In the present study we addressed the contribution of the two interleukin 2 (IL2) pathway SNPs—specifically, rs743777 located in IL2RB and rs2104286 in IL2RA—to the risk of RA in an independent Dutch case-control study. This is of relevance not only because additional replication would strengthen the putative contribution of IL2 receptor-positive cells to RA, but also because only a trend towards association for the IL2RA SNP was observed after correction for multiple testing using the Bonferroni method (p<0.005).

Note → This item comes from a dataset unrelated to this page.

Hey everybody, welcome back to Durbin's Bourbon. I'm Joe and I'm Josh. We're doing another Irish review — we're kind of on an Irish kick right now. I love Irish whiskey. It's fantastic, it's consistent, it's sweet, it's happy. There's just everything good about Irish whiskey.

A total of 616 Dutch patients and 545 healthy ethnically- and geographically-matched controls were genotyped by allele-specific kinetic PCR as previously described.10 In this study a significant association with RA was observed for both rs743777 and rs2104286 (OR 1.26, 95% CI 1.06 to 1.50, p = 0.009 and OR 0.81, 95% CI 0.67 to 0.98, p = 0.026 respectively; table 1). Combining the data from our study with the UK data strengthened the evidence for an association (rs743444: OR 1.12, 95% CI 1.06 to 1.18, p = 8.6×10−6; rs2104286: OR 0.92, 95% CI 0.87 to 0.97, p = 1.2×10−3; table 1). To bypass the phenomenon of the “winner’s curse”, in which effect sizes are often overestimated in the original study,13 we opted to analyse the data without the original WTCCC data to provide an estimate of the most likely effect size.

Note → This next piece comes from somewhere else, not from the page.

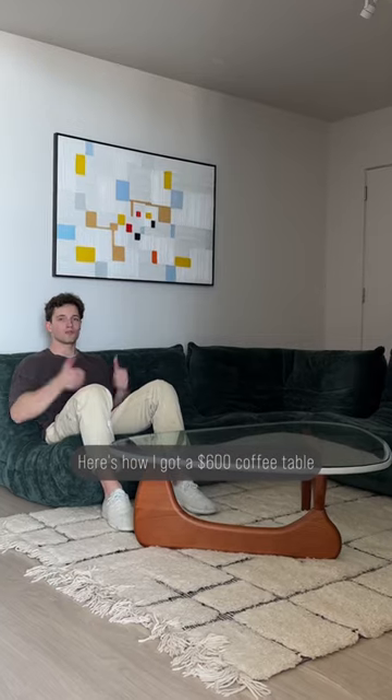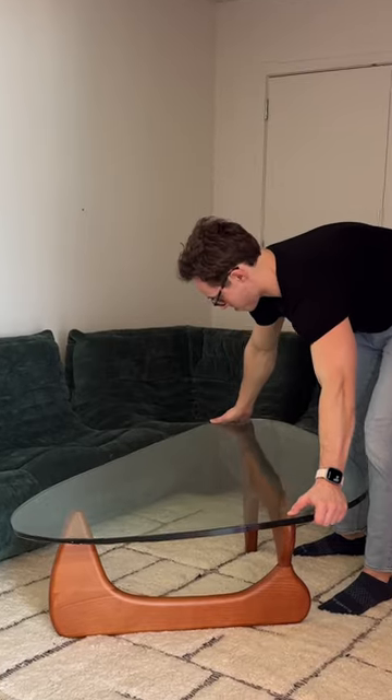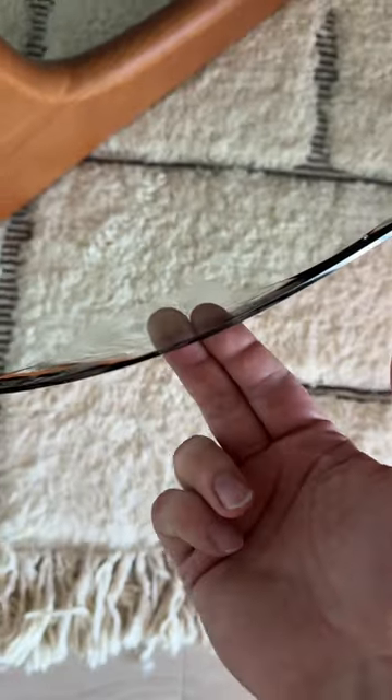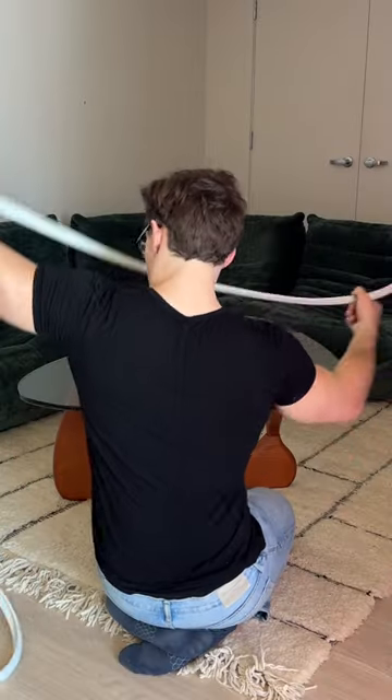Here's how I got a $600 coffee table for free, and then made it look better than the original. This is a dupe of a Noguchi coffee table from Herman Miller, but it came damaged. The edge was all banged up. FedEx can't take back broken glass, so I pushed for a refund and got it.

In conclusion, this study provides additional evidence for the association of IL2RB and IL2RA with RA by independent replication in a Dutch population, underlining the importance of the IL2 pathway in RA. Recently, the IL2RA region was also found to be associated with other autoimmune diseases11 12—specifically, multiple sclerosis and type 1 diabetes—which suggests a possible common functional pathway.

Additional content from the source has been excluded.